§ **What is required**
Take the data below and extract the lines from the one with "Chalet en Venta en Alcázares, Los, Murcia" to the one with "Dieselpartikelfilter, Vänster fram", inclusive, exactly as written.

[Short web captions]

^^^^^^^^

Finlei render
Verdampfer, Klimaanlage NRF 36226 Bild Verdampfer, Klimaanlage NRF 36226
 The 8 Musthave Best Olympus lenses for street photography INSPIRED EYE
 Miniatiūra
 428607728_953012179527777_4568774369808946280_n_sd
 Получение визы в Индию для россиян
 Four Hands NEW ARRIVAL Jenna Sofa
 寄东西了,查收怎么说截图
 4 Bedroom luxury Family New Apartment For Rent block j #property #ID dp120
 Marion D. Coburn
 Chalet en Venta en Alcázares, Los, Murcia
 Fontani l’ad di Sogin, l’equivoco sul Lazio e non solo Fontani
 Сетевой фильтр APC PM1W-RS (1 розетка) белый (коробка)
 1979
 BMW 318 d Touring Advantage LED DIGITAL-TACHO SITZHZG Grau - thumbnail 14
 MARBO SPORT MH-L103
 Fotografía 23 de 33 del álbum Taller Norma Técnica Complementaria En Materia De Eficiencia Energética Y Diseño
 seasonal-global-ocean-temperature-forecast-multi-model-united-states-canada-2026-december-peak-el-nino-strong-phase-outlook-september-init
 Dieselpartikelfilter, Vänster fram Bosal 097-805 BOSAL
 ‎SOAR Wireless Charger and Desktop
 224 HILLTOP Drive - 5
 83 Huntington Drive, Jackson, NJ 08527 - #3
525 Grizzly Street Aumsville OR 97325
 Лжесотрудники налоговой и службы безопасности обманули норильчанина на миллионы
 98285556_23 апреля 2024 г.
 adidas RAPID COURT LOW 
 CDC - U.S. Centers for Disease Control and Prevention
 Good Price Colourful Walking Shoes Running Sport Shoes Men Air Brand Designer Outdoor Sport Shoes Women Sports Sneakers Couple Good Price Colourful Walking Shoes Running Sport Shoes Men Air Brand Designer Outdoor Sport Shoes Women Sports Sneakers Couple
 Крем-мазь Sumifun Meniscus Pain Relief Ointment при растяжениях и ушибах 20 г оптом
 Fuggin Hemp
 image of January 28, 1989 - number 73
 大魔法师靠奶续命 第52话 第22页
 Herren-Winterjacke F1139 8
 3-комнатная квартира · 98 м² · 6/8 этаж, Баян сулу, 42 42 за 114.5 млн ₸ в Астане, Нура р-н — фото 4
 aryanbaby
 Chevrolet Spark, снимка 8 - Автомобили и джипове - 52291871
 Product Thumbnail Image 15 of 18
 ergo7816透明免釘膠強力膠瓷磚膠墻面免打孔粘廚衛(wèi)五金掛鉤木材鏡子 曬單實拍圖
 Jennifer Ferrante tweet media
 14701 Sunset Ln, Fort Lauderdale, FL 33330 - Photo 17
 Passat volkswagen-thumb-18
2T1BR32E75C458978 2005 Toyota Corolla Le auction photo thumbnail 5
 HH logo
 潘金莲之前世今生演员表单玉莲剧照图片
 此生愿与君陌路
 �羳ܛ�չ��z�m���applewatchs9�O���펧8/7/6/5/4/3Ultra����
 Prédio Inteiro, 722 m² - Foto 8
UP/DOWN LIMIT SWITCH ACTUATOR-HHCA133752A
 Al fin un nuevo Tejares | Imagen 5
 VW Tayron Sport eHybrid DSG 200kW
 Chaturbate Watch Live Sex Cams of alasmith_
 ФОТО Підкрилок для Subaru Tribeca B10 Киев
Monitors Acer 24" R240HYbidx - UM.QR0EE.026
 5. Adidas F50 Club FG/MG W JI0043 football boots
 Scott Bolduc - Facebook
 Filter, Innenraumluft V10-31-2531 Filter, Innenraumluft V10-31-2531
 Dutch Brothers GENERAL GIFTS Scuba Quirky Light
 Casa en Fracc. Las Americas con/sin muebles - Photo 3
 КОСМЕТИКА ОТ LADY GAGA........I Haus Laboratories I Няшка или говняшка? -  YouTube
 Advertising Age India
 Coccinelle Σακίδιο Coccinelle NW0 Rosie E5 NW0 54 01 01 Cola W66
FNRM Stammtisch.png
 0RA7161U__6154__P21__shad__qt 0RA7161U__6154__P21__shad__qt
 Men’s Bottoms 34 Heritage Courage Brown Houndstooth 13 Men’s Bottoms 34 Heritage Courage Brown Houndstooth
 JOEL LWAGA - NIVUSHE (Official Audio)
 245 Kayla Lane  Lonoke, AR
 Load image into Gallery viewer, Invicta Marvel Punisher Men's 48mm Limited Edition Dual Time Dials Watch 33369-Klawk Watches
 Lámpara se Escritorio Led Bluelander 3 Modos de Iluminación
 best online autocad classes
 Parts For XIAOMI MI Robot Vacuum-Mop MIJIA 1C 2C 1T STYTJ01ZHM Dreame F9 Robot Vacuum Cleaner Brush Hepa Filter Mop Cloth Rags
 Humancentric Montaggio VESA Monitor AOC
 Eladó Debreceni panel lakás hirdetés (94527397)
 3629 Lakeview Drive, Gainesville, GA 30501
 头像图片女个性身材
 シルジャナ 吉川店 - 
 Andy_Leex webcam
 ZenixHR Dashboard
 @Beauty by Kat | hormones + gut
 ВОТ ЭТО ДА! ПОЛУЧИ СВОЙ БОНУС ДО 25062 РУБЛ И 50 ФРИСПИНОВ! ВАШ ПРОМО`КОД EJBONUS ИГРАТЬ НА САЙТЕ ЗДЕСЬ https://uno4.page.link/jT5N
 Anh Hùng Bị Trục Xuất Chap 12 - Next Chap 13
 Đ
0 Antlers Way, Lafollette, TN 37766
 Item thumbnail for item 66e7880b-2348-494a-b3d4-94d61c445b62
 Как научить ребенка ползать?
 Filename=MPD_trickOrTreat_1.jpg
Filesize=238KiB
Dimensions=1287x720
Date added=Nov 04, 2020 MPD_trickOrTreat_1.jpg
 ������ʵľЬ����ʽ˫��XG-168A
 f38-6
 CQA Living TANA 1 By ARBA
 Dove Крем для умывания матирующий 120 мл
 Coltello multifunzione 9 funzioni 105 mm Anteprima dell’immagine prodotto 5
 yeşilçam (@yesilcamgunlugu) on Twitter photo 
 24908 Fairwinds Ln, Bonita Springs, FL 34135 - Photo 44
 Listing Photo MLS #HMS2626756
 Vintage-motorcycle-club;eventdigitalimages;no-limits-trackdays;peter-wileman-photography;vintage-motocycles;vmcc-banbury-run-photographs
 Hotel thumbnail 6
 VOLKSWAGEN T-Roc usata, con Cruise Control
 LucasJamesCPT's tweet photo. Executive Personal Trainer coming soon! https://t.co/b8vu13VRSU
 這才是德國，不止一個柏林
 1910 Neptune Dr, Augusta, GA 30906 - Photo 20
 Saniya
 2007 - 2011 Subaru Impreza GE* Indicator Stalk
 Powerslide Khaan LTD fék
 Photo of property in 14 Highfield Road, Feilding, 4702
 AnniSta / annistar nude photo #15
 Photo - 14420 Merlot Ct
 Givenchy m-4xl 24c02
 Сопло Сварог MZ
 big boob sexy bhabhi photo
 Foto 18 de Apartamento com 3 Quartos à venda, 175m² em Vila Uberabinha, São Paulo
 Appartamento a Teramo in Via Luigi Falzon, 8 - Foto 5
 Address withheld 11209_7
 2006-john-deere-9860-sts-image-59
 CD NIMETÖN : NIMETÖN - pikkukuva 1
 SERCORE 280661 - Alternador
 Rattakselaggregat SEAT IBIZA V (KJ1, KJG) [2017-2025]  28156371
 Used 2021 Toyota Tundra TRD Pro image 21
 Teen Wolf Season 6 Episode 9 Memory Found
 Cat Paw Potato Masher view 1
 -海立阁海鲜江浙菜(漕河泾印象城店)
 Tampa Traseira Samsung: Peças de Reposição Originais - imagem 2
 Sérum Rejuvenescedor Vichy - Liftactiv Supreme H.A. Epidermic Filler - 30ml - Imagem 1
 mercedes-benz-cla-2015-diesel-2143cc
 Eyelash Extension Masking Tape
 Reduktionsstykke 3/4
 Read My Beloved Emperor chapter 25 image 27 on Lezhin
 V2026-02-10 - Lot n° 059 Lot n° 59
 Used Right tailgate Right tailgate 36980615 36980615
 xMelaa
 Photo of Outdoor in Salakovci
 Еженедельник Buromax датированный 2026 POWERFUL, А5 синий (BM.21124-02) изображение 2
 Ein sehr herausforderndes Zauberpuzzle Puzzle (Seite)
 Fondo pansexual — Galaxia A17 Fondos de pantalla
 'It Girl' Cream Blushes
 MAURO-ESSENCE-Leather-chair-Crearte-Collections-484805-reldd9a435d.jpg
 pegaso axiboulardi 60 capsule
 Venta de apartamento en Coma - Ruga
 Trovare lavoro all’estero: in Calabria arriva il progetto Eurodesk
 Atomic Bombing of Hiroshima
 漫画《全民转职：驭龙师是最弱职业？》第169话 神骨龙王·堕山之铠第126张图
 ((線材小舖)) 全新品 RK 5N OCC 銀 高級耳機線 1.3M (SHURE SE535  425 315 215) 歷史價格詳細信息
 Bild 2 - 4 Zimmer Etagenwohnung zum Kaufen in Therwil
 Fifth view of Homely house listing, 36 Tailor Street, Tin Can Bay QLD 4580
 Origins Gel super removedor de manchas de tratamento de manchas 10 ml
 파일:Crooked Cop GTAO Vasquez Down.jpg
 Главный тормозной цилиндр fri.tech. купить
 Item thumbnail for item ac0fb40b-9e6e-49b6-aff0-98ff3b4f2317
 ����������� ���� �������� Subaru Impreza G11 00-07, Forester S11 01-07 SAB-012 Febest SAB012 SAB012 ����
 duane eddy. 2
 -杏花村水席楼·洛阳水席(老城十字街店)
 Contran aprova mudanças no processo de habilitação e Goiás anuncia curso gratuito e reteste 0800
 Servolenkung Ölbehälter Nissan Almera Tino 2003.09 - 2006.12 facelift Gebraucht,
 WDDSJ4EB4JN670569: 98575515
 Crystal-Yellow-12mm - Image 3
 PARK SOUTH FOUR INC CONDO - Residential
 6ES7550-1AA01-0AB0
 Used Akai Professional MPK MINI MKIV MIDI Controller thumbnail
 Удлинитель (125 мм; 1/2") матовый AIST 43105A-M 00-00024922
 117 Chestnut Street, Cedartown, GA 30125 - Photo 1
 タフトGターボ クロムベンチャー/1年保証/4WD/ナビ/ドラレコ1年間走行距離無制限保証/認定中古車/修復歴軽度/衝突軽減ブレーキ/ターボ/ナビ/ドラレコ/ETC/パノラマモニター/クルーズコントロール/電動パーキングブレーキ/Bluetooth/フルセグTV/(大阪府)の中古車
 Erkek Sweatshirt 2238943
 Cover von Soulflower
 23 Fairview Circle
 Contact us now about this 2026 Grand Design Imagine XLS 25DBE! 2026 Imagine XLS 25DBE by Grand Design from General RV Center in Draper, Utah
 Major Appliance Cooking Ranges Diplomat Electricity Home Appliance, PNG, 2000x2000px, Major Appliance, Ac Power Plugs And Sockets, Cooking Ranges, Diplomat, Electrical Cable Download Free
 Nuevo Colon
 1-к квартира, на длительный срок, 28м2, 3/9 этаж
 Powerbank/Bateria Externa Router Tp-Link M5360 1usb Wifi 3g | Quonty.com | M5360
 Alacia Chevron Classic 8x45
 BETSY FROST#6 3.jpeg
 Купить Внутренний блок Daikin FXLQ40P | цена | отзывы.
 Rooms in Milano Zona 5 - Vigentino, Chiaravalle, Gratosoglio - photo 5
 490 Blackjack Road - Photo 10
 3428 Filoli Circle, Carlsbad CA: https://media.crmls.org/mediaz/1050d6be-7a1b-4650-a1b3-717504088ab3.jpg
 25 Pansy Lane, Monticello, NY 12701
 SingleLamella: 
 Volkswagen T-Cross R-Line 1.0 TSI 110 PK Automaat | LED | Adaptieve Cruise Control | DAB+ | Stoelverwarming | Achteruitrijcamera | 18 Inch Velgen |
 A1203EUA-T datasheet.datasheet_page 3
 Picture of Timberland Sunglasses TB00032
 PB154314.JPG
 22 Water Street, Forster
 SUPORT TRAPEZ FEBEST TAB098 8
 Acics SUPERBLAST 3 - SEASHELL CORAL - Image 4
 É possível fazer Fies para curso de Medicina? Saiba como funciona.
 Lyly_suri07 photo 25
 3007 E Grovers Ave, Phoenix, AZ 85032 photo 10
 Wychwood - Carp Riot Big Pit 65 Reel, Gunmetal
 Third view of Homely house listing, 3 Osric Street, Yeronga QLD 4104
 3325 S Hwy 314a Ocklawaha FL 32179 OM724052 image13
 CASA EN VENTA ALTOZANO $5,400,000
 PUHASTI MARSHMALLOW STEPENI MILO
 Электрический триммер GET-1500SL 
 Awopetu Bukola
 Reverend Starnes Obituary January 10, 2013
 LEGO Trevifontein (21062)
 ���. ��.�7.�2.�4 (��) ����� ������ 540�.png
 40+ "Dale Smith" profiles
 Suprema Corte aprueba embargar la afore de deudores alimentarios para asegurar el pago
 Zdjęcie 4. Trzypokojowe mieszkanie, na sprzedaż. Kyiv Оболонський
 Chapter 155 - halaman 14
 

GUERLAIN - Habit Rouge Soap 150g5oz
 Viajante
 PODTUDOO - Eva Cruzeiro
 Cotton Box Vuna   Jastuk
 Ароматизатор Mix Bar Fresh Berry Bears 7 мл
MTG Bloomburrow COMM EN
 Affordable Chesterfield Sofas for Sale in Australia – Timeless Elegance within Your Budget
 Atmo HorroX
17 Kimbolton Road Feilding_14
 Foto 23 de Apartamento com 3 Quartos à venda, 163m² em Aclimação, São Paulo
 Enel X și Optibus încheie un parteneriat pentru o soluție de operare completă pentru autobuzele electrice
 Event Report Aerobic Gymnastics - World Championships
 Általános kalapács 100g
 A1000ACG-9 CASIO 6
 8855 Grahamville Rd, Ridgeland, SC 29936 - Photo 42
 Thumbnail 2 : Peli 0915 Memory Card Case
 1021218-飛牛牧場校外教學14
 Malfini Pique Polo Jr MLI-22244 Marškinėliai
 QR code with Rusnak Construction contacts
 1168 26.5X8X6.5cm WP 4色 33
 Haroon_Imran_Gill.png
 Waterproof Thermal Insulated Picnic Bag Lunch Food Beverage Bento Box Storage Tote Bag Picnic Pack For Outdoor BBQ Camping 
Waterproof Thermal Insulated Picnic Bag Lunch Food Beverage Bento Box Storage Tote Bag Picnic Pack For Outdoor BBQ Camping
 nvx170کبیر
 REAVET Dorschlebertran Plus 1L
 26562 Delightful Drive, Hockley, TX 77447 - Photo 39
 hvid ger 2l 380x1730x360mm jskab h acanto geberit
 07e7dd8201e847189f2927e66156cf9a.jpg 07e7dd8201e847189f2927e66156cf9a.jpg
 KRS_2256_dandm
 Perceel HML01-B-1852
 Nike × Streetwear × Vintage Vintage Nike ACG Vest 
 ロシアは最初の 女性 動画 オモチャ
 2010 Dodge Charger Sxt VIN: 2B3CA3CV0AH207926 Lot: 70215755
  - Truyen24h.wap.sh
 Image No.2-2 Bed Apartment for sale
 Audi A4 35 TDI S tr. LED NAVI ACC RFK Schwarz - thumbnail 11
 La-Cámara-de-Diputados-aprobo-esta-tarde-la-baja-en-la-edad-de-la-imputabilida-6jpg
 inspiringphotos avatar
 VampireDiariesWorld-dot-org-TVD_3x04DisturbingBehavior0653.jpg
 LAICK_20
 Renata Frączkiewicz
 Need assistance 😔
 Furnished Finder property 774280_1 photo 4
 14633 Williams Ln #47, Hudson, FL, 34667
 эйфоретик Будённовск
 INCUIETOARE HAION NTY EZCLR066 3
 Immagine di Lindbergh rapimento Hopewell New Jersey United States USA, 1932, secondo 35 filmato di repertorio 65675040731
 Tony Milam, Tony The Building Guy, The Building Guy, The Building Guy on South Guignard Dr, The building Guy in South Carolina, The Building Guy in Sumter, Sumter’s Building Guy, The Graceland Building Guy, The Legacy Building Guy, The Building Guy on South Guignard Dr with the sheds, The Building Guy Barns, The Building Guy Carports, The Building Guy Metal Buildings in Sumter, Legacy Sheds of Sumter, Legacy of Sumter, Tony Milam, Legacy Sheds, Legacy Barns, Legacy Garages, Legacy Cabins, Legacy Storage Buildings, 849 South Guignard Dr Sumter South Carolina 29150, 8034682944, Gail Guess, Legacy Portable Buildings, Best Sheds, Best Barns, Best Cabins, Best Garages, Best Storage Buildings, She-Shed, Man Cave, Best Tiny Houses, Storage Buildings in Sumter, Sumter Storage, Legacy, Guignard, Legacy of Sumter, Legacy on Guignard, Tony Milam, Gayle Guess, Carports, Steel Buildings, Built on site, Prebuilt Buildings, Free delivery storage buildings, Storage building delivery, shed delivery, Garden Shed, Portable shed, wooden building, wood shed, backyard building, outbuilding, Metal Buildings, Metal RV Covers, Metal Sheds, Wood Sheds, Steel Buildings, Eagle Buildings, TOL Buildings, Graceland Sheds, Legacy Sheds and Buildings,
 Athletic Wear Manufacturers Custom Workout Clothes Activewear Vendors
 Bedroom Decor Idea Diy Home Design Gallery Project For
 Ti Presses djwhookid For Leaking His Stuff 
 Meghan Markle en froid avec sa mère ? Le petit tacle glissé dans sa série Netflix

^^^^^^^^

§ **Response**
 Chalet en Venta en Alcázares, Los, Murcia
 Fontani l’ad di Sogin, l’equivoco sul Lazio e non solo Fontani
 Сетевой фильтр APC PM1W-RS (1 розетка) белый (коробка)
 1979
 BMW 318 d Touring Advantage LED DIGITAL-TACHO SITZHZG Grau - thumbnail 14
 MARBO SPORT MH-L103
 Fotografía 23 de 33 del álbum Taller Norma Técnica Complementaria En Materia De Eficiencia Energética Y Diseño
 seasonal-global-ocean-temperature-forecast-multi-model-united-states-canada-2026-december-peak-el-nino-strong-phase-outlook-september-init
 Dieselpartikelfilter, Vänster fram Bosal 097-805 BOSAL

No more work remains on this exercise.